Retrieval

FAISS-powered semantic search lets you index documents and retrieve only the relevant chunks for your query. Combined with deduplication and importance scoring, this dramatically reduces context size for RAG applications.

Installation

pip install infershrink[retrieval]

This installs faiss-cpu and sentence-transformers. First use downloads a ~400MB embedding model.

Quick Start

from infershrink import TokenShrink

# Initialize and index your docs
ts = TokenShrink()
ts.index("./docs")

# Query with semantic search
result = ts.query("What are the API rate limits?")

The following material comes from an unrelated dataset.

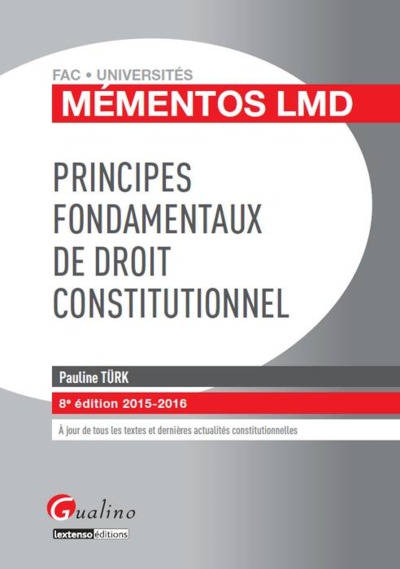 Picture of Principes fondamentaux de droit constitutionnel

print(f"Sources: {result.sources}")
print(f"Stats: {result.savings}")
print(result.context)

How It Works

Indexing: Documents are chunked and embedded using sentence-transformers
Search: Your query is embedded and matched against the index via cosine similarity
Deduplication: Near-duplicate chunks are removed (configurable threshold)
Importance scoring: Each chunk gets a score based on similarity + information density
Compression: If LLMLingua is installed, chunks are compressed adaptively based on importance

REFRAG-inspired: High-importance chunks (relevant + dense) are preserved more, low-importance chunks are compressed aggressively.

CLI Usage

# Index a directory
infershrink index ./docs

# Query with compression
infershrink query "How do I authenticate?" --compress

# Show importance scores
infershrink query "API limits" --scores

# Raw search (no compression)
infershrink search "rate limits"

Configuration

ts = TokenShrink(
    index_dir=".tokenshrink",  # Where to store the index
    model="all-MiniLM-L6-v2",  # Embedding model
    chunk_size=512,            # Words per chunk
    chunk_overlap=50,          # Overlap between chunks
    compression=True,          # Enable LLMLingua (if installed)
    adaptive=True,             # REFRAG-inspired adaptive compression
    dedup=True,                # Remove near-duplicate chunks
    dedup_threshold=0.85,      # Cosine similarity threshold for dedup
)

Query Options

result = ts.query(
    "your question",
    k=5,                 # Number of chunks to retrieve
    min_score=0.3,       # Minimum similarity score
    max_tokens=2000,     # Target token limit
    compress=True,       # Override compression setting
    adaptive=True,       # Override adaptive setting
    dedup=True,          # Override dedup setting
)

Understanding Results

result = ts.query("rate limits")

# Basics
result.context           # The combined, possibly compressed text
result.sources           # List of source file paths
result.original_tokens   # Token count before compression
result.compressed_tokens # Token count after compression
result.ratio             # Compression ratio (0.3 = 70% reduction)
result.savings           # Human-readable: "Saved 70% (1000 → 300 tokens)"
result.savings_pct       # Just the percentage: 70.0

# Advanced (REFRAG features)
result.chunk_scores      # List of ChunkScore objects
result.dedup_removed     # Number of chunks removed as duplicates

# Each ChunkScore contains:
for cs in result.chunk_scores:
    cs.similarity        # Cosine similarity to query (0-1)
    cs.density           # Information density (0-1)
    cs.importance        # Combined score
    cs.compression_ratio # Adaptive ratio for this chunk
    cs.deduplicated      # True if marked as duplicate

Storage Requirements

Embedding model: ~400MB (downloaded on first use)
Index size: Roughly 4KB per chunk indexed
Memory: Model loads ~1GB RAM during queries

Best Practices

Chunk size: 512 words works well for most content. Smaller chunks for code, larger for prose.
min_score: Default 0.3 is lenient. Raise to 0.5+ for stricter relevance.
dedup_threshold: 0.85 catches near-duplicates without being overly aggressive.
Index location: Use a persistent directory to avoid re-indexing on every run.